Can I just throw something out there? If you are the parent of a small child, you have an incredibly huge responsibility to train that child up in such a way that they will grow into a kind, courteous, respectable, adult. If you’ve got a son, y’all better be teaching him to hold the door for a lady and to never, ever, under any circumstance, make her feel like she is less than human because she’s a woman. They see a lady coming, they better tip their hat and say, “Hello, ma’am.” There’s a lady in the room, their mouth better be clean and no swearing in front of a lady either. And by the way, it’s not “yeah” and “nope.” It’s “yes ma’am/sir” or “no ma’am/sir.” And ladies, for the record, you want to be treated like a lady? Then act like one. That means all you mommas out there that have baby girls, teach them what it means to be a lady. Show them what it means to respect themselves enough to never let a man walk all over them. Show them how to be classy and to dress like a lady instead of throwing themselves at a man with what society tells them is pretty. Cause walking around with yourself exposed ain’t cute, girls. And it’s only gonna attract the boys (notice I didn’t say MEN) who want one thing. And that ain’t ya cookin’, ya lovin’, or even your first name. They want one thing, and one thing only. Don’t give it away so easily. I get so tired of hearing about girls who fall for the same kind of man over and over and over again. Oh, and before I get too far, let me tell y’all: I’m preaching to the choir cause I’ve been one of those girls, and not too long ago, either.

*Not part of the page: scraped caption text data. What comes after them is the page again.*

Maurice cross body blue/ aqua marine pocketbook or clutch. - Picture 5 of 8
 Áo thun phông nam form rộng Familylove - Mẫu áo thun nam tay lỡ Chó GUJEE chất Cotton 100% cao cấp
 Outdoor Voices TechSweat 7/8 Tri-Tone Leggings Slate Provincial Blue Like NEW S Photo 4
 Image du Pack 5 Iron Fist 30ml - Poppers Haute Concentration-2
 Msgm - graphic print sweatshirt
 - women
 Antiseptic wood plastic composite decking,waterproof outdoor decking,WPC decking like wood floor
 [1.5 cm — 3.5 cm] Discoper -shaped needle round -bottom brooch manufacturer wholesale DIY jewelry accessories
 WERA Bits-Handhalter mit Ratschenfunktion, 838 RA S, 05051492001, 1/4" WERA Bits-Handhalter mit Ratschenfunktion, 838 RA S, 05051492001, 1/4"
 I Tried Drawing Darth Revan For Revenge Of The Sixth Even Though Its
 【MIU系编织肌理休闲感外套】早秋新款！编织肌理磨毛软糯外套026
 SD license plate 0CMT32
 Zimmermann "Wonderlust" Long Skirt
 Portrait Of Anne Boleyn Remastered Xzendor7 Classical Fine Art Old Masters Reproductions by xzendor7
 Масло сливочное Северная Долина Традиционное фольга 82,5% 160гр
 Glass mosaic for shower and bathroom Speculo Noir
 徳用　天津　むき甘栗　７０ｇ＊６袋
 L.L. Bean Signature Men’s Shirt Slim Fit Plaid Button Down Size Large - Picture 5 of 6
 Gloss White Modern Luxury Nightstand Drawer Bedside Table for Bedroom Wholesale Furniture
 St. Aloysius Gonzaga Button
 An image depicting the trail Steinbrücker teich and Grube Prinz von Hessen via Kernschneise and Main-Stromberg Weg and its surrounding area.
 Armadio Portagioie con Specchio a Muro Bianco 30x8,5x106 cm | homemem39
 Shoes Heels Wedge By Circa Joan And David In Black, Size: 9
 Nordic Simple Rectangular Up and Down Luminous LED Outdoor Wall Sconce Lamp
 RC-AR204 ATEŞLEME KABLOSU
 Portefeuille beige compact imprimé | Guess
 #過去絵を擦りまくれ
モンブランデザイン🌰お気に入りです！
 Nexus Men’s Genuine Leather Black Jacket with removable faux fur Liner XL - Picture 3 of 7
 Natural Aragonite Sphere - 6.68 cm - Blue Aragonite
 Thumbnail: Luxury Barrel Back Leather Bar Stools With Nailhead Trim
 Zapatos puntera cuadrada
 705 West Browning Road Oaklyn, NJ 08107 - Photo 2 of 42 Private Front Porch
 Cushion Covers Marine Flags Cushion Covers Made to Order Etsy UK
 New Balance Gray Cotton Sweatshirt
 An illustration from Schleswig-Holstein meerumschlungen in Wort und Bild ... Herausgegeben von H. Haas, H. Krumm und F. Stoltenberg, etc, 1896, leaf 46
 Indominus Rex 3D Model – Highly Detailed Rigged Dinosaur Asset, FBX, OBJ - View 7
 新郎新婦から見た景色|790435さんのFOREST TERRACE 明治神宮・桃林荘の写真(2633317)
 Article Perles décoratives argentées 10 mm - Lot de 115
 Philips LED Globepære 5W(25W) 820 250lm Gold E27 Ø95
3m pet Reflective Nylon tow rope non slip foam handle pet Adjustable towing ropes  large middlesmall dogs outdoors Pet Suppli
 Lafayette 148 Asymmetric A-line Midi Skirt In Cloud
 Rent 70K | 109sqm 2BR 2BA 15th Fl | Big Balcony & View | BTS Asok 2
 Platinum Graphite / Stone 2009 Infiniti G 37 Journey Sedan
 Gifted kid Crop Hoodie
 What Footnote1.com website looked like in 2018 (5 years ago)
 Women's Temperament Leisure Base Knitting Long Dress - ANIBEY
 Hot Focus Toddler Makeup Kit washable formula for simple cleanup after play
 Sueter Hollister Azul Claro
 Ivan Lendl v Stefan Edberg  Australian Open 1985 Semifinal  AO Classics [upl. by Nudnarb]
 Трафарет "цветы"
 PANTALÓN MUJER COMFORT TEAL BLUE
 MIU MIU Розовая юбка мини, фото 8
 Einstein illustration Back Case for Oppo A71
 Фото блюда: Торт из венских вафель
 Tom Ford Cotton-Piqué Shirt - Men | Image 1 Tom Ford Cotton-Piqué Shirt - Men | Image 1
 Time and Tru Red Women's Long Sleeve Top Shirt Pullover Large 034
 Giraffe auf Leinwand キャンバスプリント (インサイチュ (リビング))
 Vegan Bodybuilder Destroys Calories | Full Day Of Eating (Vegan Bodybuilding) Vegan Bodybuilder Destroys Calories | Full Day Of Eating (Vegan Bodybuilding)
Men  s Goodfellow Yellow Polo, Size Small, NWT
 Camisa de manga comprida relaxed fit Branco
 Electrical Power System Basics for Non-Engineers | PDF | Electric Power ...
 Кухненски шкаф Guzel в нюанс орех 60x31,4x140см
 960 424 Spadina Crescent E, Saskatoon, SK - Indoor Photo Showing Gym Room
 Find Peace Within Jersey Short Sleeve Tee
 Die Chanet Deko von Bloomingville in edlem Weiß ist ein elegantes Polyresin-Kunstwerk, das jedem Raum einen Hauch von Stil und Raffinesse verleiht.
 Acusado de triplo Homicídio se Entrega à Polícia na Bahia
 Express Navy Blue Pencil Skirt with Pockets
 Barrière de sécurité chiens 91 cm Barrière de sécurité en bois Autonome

So mommas and daddies, love on your kids. Dads, take your little girls on dates. Shower her with praise and tell her she’s pretty. YOU step up and be the MAN in her life that she knows she can run to so she’s not running to little boys who don’t care about her heart and her mind and the way she feels deep down inside. Mothers, you do the same with your boys . Love on them and let them know it’s okay to show their emotions and that instead of putting up a wall when they’re hurt, you are the one they can come running to. And never make them feel like less of a man when they do choose to cry in front of you. You hold them even tighter and don’t let go until they’re ready. And dads, you better set the example of how to treat a lady in the way you treat their momma! Kids will do as they see, not always as they’re told. Set the bar high!
I’m not a parent, not even close. But I’m so tired of running into men (and I use the word men loosely here) that were never taught the importance of treating a woman with respect. And it’s just as frustrating to sit back and watch women throw themselves at men because they’re insecure and lacking something in life that creates a longing for that attention and affection. Ladies, ya ain’t gonna find it in those kinda men. Not happening. So parents, again, this is a desperate plea, train ya babies up. We don’t need another generation of what we have now. The cycle has to be broken!